For all those who wish to participate in this challenge please take a moment to read through the following: 

- The deadline for submissions is 28 February 2009
- The image can be no larger then 150KB*
- Include your forum username when submitting
- The attached photo must be in the form of a .jpg
- Please keep your photo anonymous (no distinguishing watermarks, and no photos that have been posted previously on the forum)
- Submit no more than one photo
- If you wish you may include a title when submitting your photo (please ensure that the attached photo is renamed as the chosen title)
- The form must also be included when submitting the photo
- The forum Admins and Moderators reserve the right to exclude or remove any photo solely at their discretion
- The forum Admins and Moderators reserve the right to decide the winner of the photo challenge
- All submitted photos will be posted in a new thread within the first week of the following month

.........Copy and Paste this into your submission email...........................
*ThePhotoForum.com Username:*
**Photo Title (optional):*
*[NEW] Photo location (city, country)*:
*Is the attached photo 150KB or less? Y/N*
*Is the attached photo a jpeg? Y/N*
*Has this photo been posted before? Y/N*
*Please submit only one photo per challenge.*
*Please enter your email subject as "Feb '09 Challenge Submission"*
*Please ensure that the attached photo is named the title you wish it to have otherwise the title will not be used.
..................................................  ..................................................  ...

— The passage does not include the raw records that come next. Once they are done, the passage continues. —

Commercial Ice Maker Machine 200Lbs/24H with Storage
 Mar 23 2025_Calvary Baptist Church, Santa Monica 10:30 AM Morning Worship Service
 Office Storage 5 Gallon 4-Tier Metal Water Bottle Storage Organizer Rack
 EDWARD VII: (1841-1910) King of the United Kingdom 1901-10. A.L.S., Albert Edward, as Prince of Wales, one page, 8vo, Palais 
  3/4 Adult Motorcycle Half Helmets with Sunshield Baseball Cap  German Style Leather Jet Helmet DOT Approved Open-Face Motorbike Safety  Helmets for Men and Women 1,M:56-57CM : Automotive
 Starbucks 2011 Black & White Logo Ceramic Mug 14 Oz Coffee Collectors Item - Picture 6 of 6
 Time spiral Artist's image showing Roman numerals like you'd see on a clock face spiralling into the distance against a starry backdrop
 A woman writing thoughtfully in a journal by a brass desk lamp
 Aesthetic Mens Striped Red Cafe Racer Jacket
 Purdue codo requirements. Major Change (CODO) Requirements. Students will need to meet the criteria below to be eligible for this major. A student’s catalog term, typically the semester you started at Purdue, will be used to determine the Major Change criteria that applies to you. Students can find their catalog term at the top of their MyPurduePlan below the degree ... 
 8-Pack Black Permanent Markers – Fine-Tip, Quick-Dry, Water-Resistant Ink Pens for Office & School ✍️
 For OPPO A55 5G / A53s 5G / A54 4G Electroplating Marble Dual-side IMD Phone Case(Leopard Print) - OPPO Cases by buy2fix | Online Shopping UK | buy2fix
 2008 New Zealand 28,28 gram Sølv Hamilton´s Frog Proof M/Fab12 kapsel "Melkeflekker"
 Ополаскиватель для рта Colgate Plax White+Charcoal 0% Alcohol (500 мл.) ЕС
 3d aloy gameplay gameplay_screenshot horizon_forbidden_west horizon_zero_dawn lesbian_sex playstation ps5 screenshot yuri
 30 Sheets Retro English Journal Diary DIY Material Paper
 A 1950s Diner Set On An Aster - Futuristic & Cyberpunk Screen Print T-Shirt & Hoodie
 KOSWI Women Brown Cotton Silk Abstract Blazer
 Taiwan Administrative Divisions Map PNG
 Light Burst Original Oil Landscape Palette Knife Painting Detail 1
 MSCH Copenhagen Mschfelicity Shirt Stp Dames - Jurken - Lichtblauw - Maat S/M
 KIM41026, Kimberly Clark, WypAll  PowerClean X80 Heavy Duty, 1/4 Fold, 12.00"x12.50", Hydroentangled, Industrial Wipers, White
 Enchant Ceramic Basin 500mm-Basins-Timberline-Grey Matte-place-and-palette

Please email your photo to photochallenge@thephotoforum.com and remember to enter the subject as indicated.

All photos must include the form when submitted. Just copy and paste it into your email. This will ensure that no mistakes are made when photos are submitted and therefore, hopefully, no photos are excluded. If the form is not included in the submission email the photo will not be included in the challenge gallery and voting process. 

There is more important information regarding rules and procedures located in the FAQ section. We highly recommend that you take the time to read these FAQs. 
Good luck to everyone and have fun with this challenge!

*150KB will be taken as the &#8220;size on disk&#8221; and not the actual file size. Also some email programs consider 1KB=1000Bytes as oppposed to 1KB=1024Bytes. When these programs calculate attachment size they will often read larger then they actually are. To be safe we recommend a target size of about 140KB so that once sent it does not go over 150KB.


----------



## TwistMyArm

Awesome Chris, I don't think we've ever done anything like that.


----------



## Chris of Arabia

TwistMyArm said:


> Awesome Chris, I don't think we've ever done anything like that.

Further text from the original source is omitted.